What color is your 2022?

PANTONE 17-3938 Very Peri helps us to embrace this altered landscape of possibilities, opening us up to a new vision as we rewrite our lives.
— Pantone's 2022 Color of the Year (Website)

I have never been so convinced that a color could change my life as I was when I read the description of Pantone’s 2022 Color of the Year. Pantone’s description goes on to note that Very Peri is a new color “whose courageous presence encourages personal inventiveness and creativity.”

Feeling courageous and encouraged, I’ve thrown myself into finding everything Very Peri—pens, paint color, t-shirts, and coffee mugs.

But I can’t find a pen anywhere, and the coffee mug is sold out. As is the expresso cup. And the cortado cup (though I am not sure how to make cortado). Pantone doesn’t offer a wine glass.

I keep returning to Pantone’s website to click the “out of stock” button on the mug in hopes that one will make its way into stock and, therefore, into my cart. I have visions of myself drinking cortado (or whatever) from my Very Peri cortado cup during upcoming Zoom meetings and smirking at all the silent black boxes (that don’t have Very Peri cortado cups) while thinking, “Yeah, you know my courageous presence encourages inventiveness and creativity.”

Because it does.
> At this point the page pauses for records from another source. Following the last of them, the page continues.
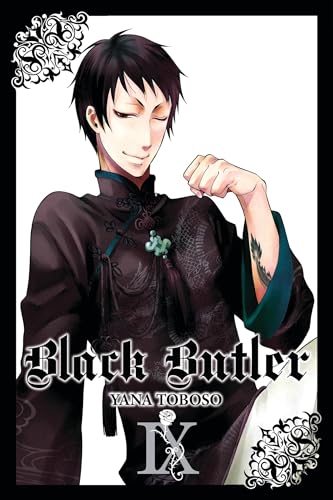 Black Butler, Vol. 9 - Yana Toboso - Paperback                       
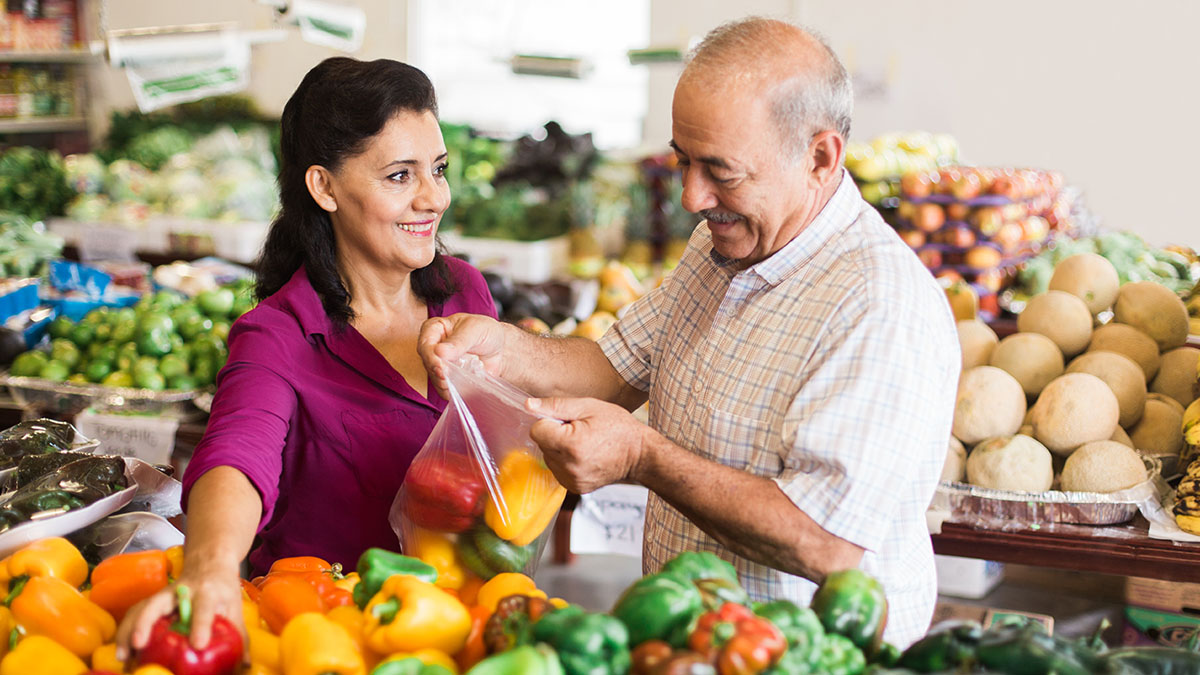 SNAP benefits healthy eating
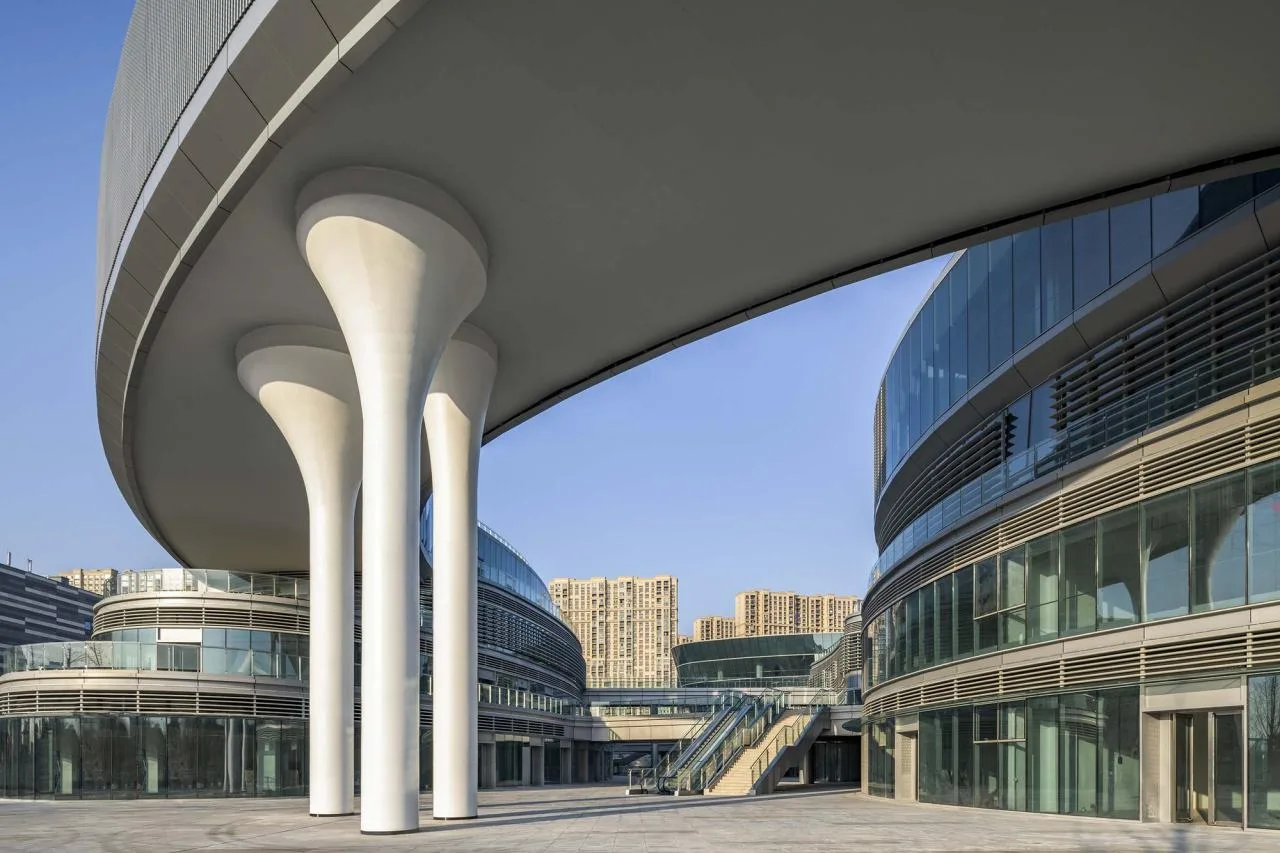 BIM Architecture | Nantong Xinghu City Plaza/Shanghai Architecture Design Firm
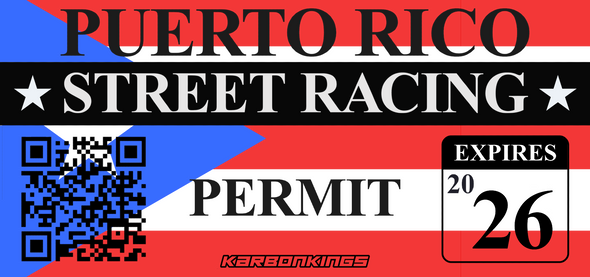 Puerto Rico Street Racing Permit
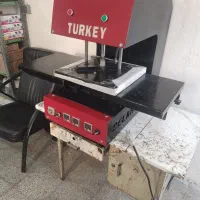 پرس حرارتی داغی از بالا و پایین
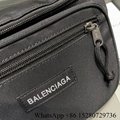 Shop Balenciaga logo-patch belt bag balenciaga waist bag men fanny pack luxury  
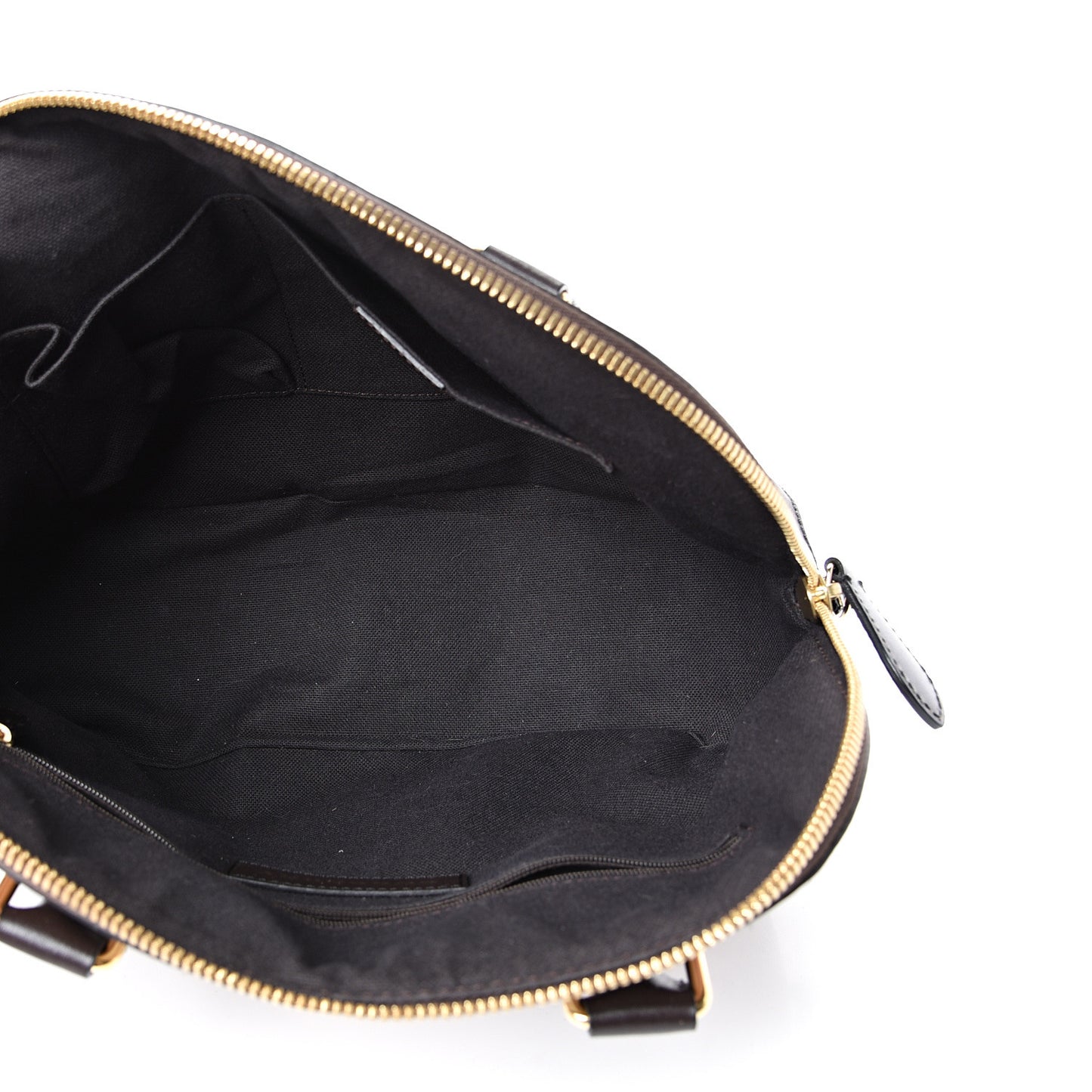 Haymarket Check Small Orchard Bowling Bag Chocolate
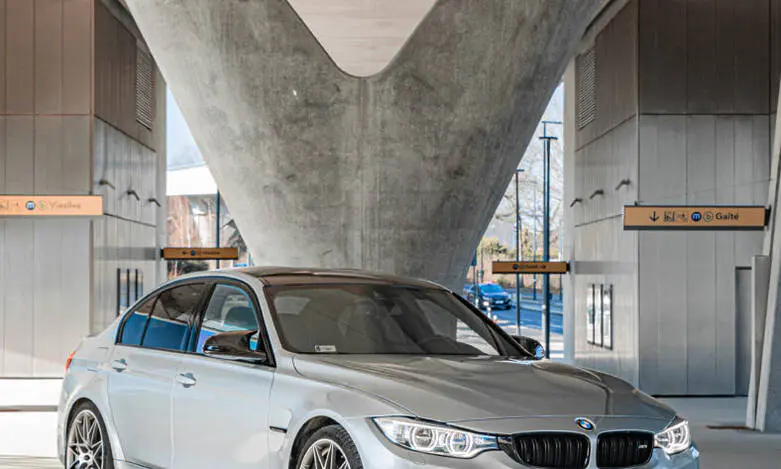 photo BMW M3 Competition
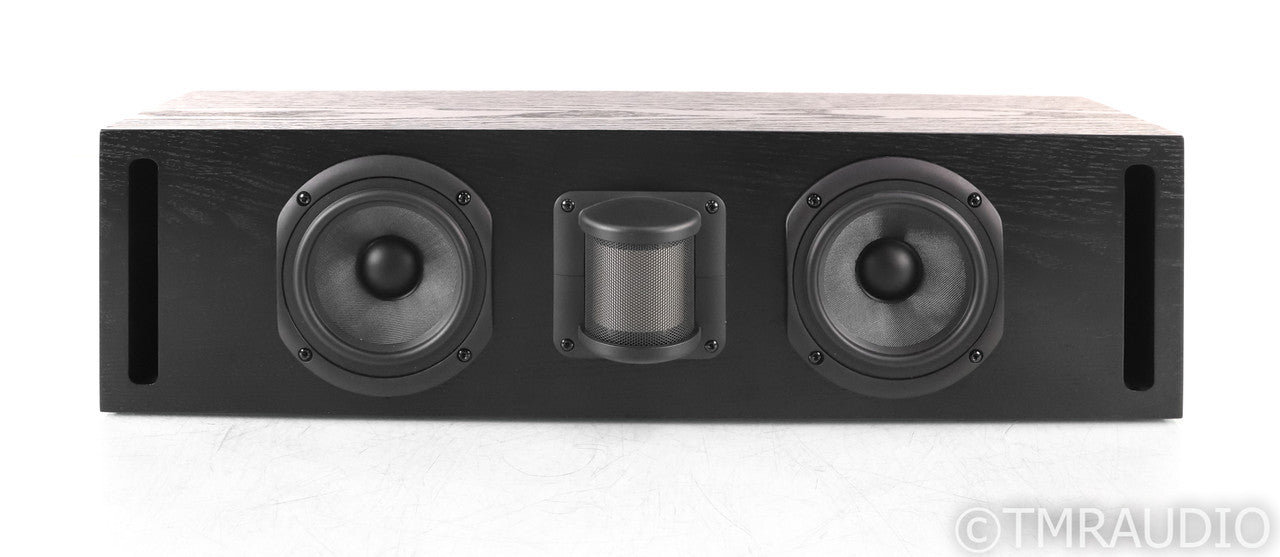 Anthony Gallo Nucleus CL-C Classico Center Channel Speaker; CLC; Black Ash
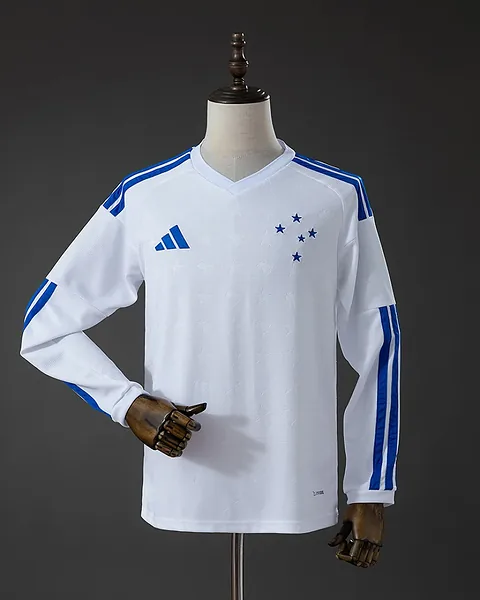 Camisola Cruzeiro 26/27 Alternativa Manga Comprida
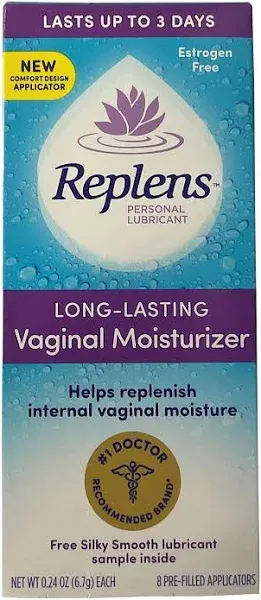 Replens Long Lasting Vaginal Moisturizer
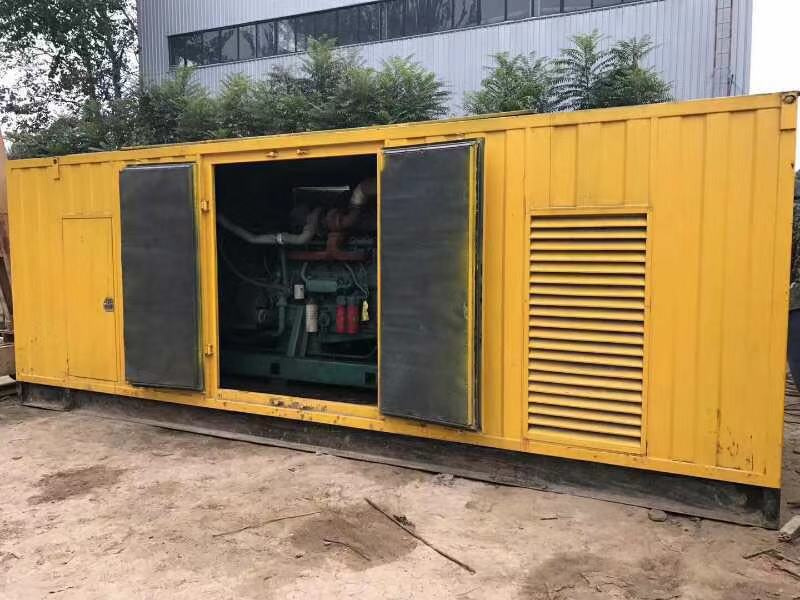 连州柴油发电机组滤清器内充满机油但压力不足如何进行故障排查？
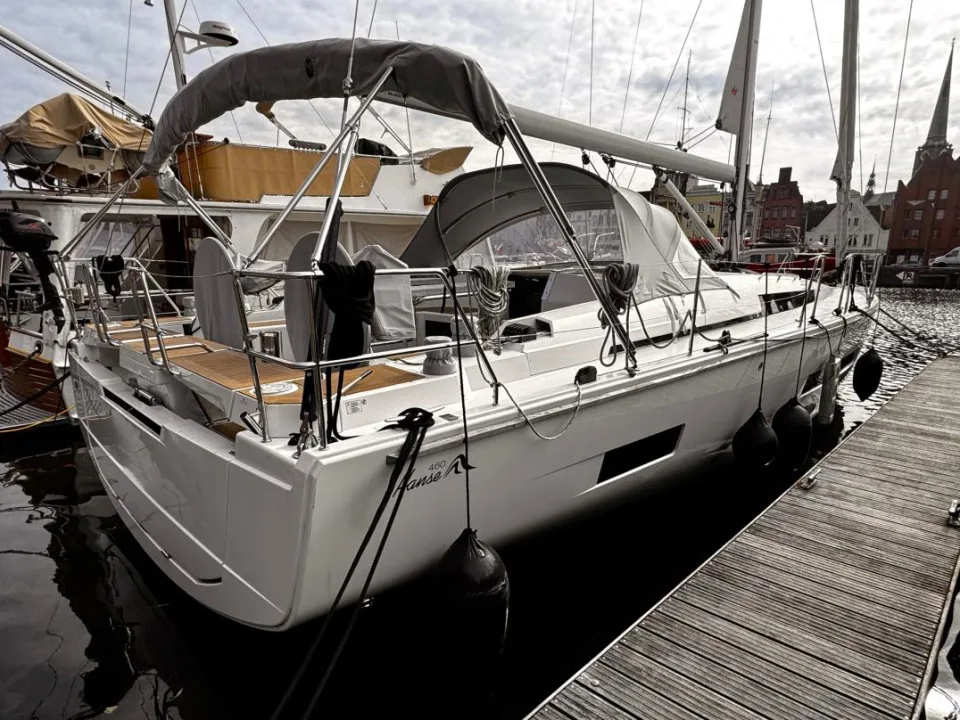Hanse 460 d'occasion - photo 1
The color of my 2022 is Very Peri.

Displaying a carefree confidence and a daring curiosity,…PANTONE 17-3938 Very Peri is a symbol of the global zeitgeist of the moment and the transition we are going through.

2022 wasn’t always so daring and curious. For a couple of days, my color for 2022 was Jade Green.

On my desk, I have a polished stone in that dark bluey-green and thought it was a good inspiration piece to hold in front of me for the year—shiny, smooth, solid. Digging through my Tombow set (Pantone’s country cousin), I found a Jade Green marker and was all behind Tombow 379’s “convenient double-sided design" (Tombow doesn’t do much to sell their colors), but then I realized my zeitgeist is not solid conveniences—I wish to embody and live in an “altered landscape of possibilities.”

Color of the Year Or Word of the Year?

Now, ironically—or perhaps not—as a writer, poet, and general lover, hoarder, and privileger of words, I place the “word of the year” practice somewhere between bland and boring. It’s either meh or okay. I don’t really care which.

Finding a word of the year has become so pervasive that the quest has a social media-approved acronym, “What’s your WOTY?” Most people chose shiny abstractions: truth, growth, balance, resilience, intentional. Words like pretty gems that can be worn as a bracelet for everyone to see.

But what do these words feel like? How do you visualize them? What do they do?

Pantone says the color of the year practice establishes a “moment in time that provides strategic direction.” Apparently, for most, green is the strategic moment for 2022.

  • Benjamin Moore says the color of the year is October Mist 1495. …the silvery-green stem of a flower waiting to bloom…

  • Behr thinks you should paint everything Breezeway …sea glass green…peace and tranquility for forward movement…

  • Sherwin Williams wants to make everything Evergreen Fog …a simple but sophisticated wash of beautiful…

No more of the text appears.